Beer has come a long way since the days of the cask and leather flagons. In fact, the decision about what to put beer in for storage has plagued people for centuries. Before the days of refrigeration, before the days of pasteurization, beer storage was an issue. Beer had to be drunk quickly to keep it from spoiling.

The idea of putting beer in bottles was developed by a monk several centuries ago. He had put beer into a wine bottle to take on a picnic and left the beer in the bottle for quite some time. He came across it again much later in the beer was still fresh. That was beginning of bottled beer.

Sealing the beer bottle was the next big issue. Beer makers tried everything from wax to cork. The cork solution lasted hundreds of years, until wire loop closure was developed many years later. For a long time beer bottles were short, bell shaped and clothed with wires like mason jars.
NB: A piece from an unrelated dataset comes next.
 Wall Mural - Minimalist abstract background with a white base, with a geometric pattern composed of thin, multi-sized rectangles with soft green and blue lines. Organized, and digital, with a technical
Most beer makers embossed the name of their beer right into the bottle. This was before the days of labels, and embossing was the only way to let people know what kind of beer they were drinking. Embossing was used to label beer bottles well into this century, before the paper label was developed.

Over time, the shape of the bottle changed, becoming thinner and taller – looking more like the beer bottles we know today. Beer bottles stayed brown or green until the present-day. This was mainly because refrigeration was not invented for quite some time. With out away to keep the beer at a steady temperature, keeping direct light out of the bottles was important to keep the beer fresh.
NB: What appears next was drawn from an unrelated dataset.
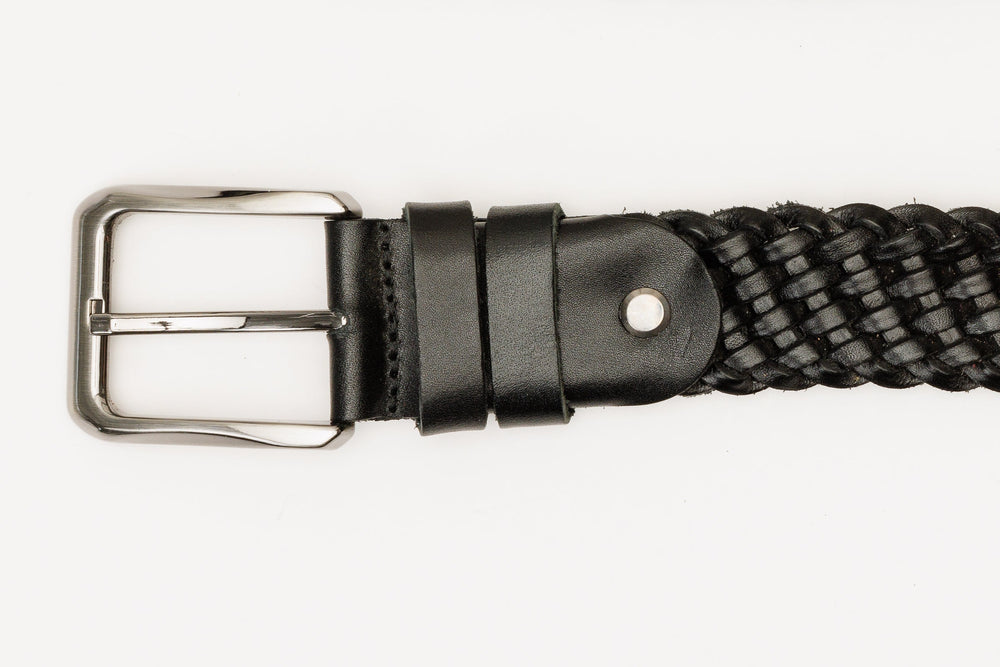 The Mclean Woven Black Leather Belt - Vinci Leather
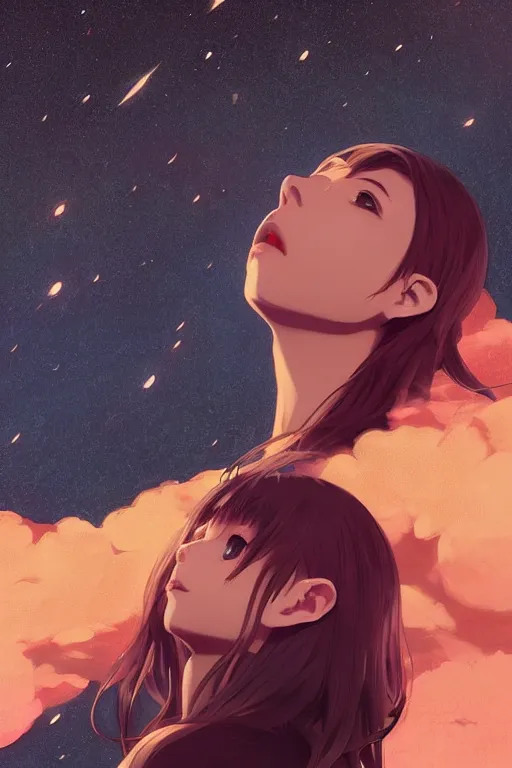Prompt: a girl looking up at the night sky in awe, full shot, fine - face, realistic shaded perfect body, fine details. night setting. very anime style. realistic shaded lighting poster by ilya kuvshinov katsuhiro, magali villeneuve, artgerm, jeremy lipkin and michael garmash, rob rey and kentaro miura style, trending on art station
After refrigeration was invented, it wasn’’t important to keep the bottles opaque any more but many beer makers continue to make dark bottles out of tradition. Only recently have companies started to buck tradition by making clear beer bottles. Most of the clear bottles are import beers such as Corona and wine coolers and blended beverages such as Zima.

Another theory about why beer bottles are brown has to do with the glass making process itself. This one has never been proven, but many people say that in past centuries it was much harder to make clear glass but it was to make colored glass. Apparently, crystal clear glass requires processes that were not developed until the industrial age.

Regardless of which reason you think is most accurate for why beer bottles are brown, the fact remains that the tradition is hard to shake. People are used to seeing brown bottles of beer, and new beers that are marketed in bottles that are any color besides green or brown have a hard time being successful.

It is a fact that modern-day beers made in America do taste fresher and more flavorful in brown bottles. Many American beers still lose their texture and flavor if exposed to direct sunlight. One good thing about everyone using the same brown bottle glass is that it makes it easier to recycle the glass.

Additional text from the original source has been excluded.